What translation challenges has the committee faced while working on the NIrV?
Michael J. Williams, PhD: The NIrV adapts the text of the NIV for reading at a third-grade level. To accomplish this, we keep sentence length short (15 words or fewer); we also eliminate any expressions that only a native English speaker would understand, such as idioms, figures of speech, nation-specific allusions, and terms with which anyone not raised in the church would be unfamiliar. You can imagine how difficult that can be to accomplish for some theologically heavy passages. But the exercise of doing this has improved our own understanding of the Scriptures in addition to clarifying them for others.
What is a favorite Bible passage of yours and why?

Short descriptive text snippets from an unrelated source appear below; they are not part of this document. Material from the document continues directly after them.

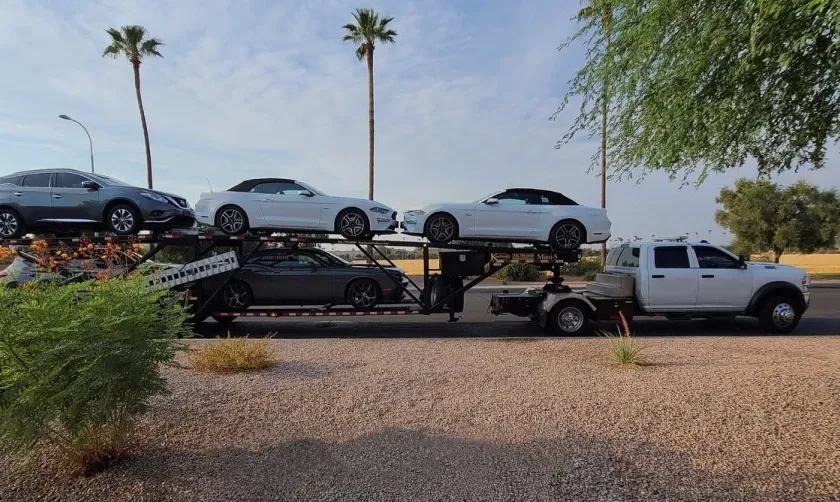 Car hauler with three cars Car hauler with three cars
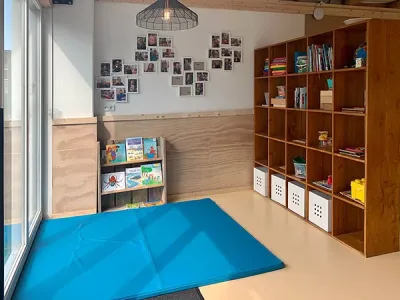 interieur van één van de groepen met speelmat en boekenkast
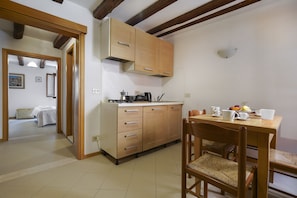 A kitchen with wooden cabinets, a dining table with chairs, and a view into a bedroom.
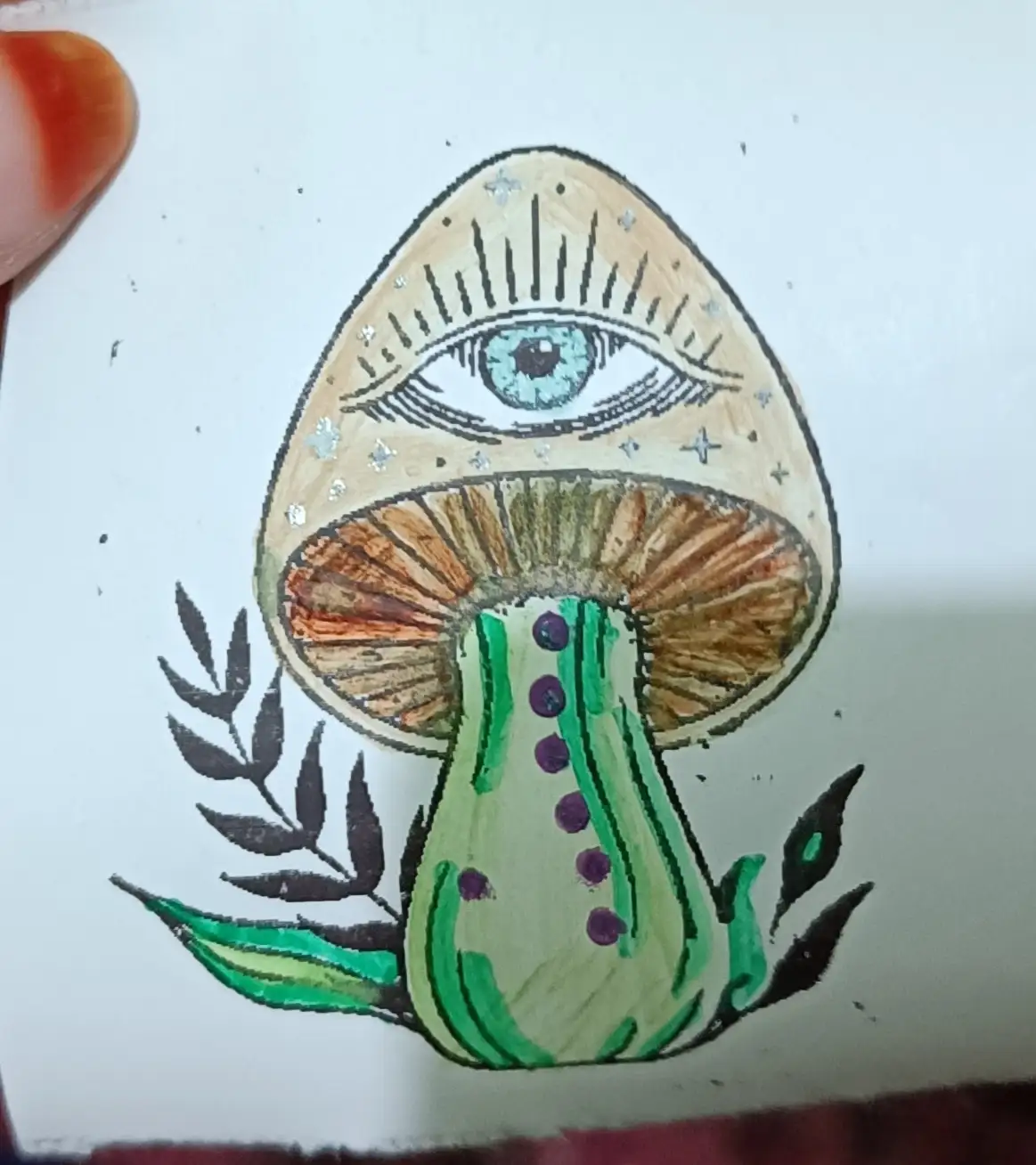 A hand-drawn illustration of a mushroom with a large, detailed blue eye on its cap, surrounded by stars and radiating lines…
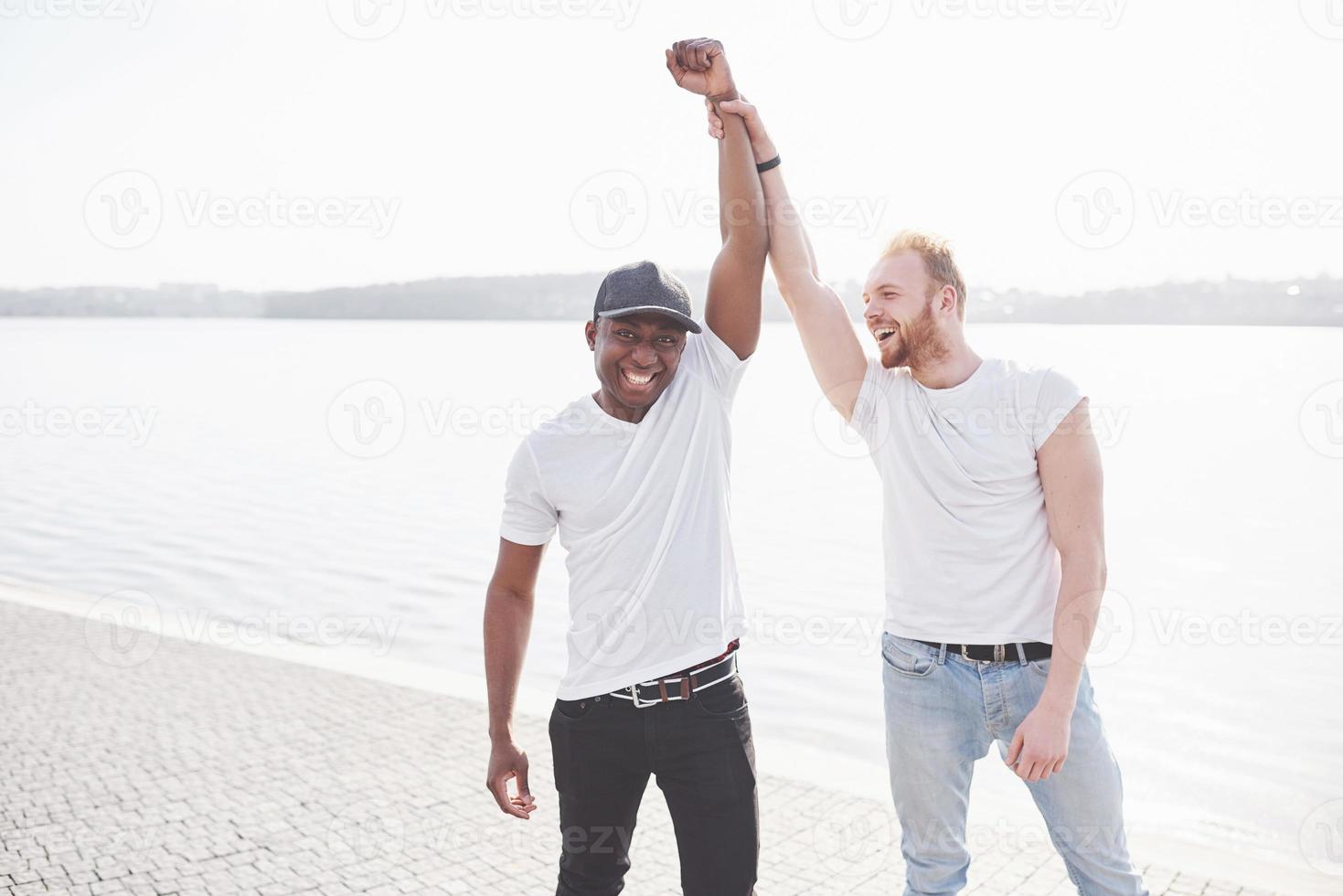 Dos jóvenes amigos multiétnicos hablando entre sí y sonriendo mientras foto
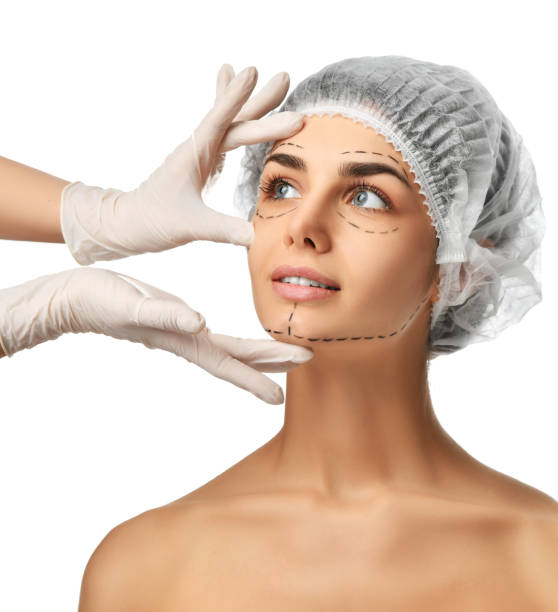 istock Plastic surgery concept perforation lines on face girl with blue eyes 920151528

Michael J. Williams, PhD: This is a hard question because there are so many to choose from! One of my favorites is Lamentations 3:22–23. The NIrV translation is:
The LORD loves us very much
So we haven’t been completely destroyed.
His loving concern never fails.
His great love is new every morning.
LORD, how faithful you are!
In the difficult times I’ve experienced (as indeed we all have), it’s comforting to know that though life can change, God will not. Our world may fall to pieces, but God will still give us peace. The goal of the NIrV is to make this message of divine salvation and comfort available to and accessible by as many people as possible.
What are your thoughts about Bible Gateway and the Bible Gateway App and Bible Audio App?
Michael J. Williams, PhD: These resources are doing in their own way what the NIrV is also trying to do: make the Bible accessible to as many as possible. I myself use the resources of Bible Gateway frequently in comparing Bible translations as part of the process of determining how to best communicate the truth of God’s word in the clearest way possible.
Is there anything else you’d like to say?
Michael J. Williams, PhD: It’s so encouraging to see Christians working together to spread the good news of the gospel of Jesus Christ. The NIrV does this by means of a more accessible and understandable translation. Zondervan and Biblica do this by publishing, marketing, and distributing different Bible translations. Bible Gateway does this by making these materials available in convenient platforms for Christians to deepen their understanding and faith, and for non-Christians to explore. May the church continue to come together in such ways to fulfill its calling to bring the gospel to all people (Matthew 28:18–20)!
Read interviews with the other translators of the New International Reader’s Version:
The New International Reader’s Version (NIrV) is published by HarperCollins Christian Publishing, Inc., the parent company of Bible Gateway.
Bio: Until his retirement in 2018, Michael Williams taught Hebrew, Old Testament, and ancient Near Eastern languages and history at Calvin Theological Seminary in Michigan. He is an ordained minister in the Christian Reformed Church and has also spent time teaching in Kenya, Russia, and Poland. Dr. Williams is proficient in seven ancient languages, including biblical Hebrew, Aramaic, Akkadian, Ugaritic, and Sumerian.